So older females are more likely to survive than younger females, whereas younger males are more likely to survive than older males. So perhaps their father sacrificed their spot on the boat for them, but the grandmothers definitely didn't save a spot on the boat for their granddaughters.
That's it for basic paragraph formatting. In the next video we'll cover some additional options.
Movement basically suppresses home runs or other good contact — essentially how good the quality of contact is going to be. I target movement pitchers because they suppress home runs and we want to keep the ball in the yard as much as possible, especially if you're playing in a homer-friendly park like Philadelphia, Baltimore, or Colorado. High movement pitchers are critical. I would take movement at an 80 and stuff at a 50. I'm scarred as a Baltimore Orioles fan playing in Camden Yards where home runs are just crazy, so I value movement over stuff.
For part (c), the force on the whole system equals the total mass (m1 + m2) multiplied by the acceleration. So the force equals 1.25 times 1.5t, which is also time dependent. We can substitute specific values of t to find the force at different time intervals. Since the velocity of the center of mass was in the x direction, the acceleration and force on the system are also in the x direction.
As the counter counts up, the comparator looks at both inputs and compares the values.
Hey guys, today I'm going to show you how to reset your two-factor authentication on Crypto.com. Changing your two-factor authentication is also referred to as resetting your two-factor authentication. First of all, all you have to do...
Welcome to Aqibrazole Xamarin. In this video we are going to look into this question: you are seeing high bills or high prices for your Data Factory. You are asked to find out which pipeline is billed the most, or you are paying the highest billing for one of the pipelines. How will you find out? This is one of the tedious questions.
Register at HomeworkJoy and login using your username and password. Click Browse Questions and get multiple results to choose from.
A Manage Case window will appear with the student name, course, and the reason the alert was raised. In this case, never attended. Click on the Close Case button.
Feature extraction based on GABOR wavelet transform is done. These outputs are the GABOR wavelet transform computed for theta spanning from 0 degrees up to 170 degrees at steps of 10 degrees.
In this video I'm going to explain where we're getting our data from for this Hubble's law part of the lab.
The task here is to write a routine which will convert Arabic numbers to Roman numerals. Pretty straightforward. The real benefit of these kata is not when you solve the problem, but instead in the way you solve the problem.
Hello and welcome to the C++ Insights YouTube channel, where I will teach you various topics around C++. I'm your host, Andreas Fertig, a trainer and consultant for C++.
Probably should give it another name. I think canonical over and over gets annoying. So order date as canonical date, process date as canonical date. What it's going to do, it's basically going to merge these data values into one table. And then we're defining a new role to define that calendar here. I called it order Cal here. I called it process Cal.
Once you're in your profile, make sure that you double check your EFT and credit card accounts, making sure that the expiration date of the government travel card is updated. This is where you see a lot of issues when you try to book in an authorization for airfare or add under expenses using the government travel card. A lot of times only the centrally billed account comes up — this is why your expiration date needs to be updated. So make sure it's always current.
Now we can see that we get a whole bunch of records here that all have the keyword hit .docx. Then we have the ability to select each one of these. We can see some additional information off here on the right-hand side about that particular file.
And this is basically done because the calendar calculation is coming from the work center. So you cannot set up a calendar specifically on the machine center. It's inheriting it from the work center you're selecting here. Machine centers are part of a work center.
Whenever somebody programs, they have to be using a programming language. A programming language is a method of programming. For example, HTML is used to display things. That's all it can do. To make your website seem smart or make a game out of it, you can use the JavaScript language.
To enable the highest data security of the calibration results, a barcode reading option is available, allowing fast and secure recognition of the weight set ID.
====
* _Work order_:
What must be returned is only the number of lines in the records that hold the word "Click".

* _Output below_:
2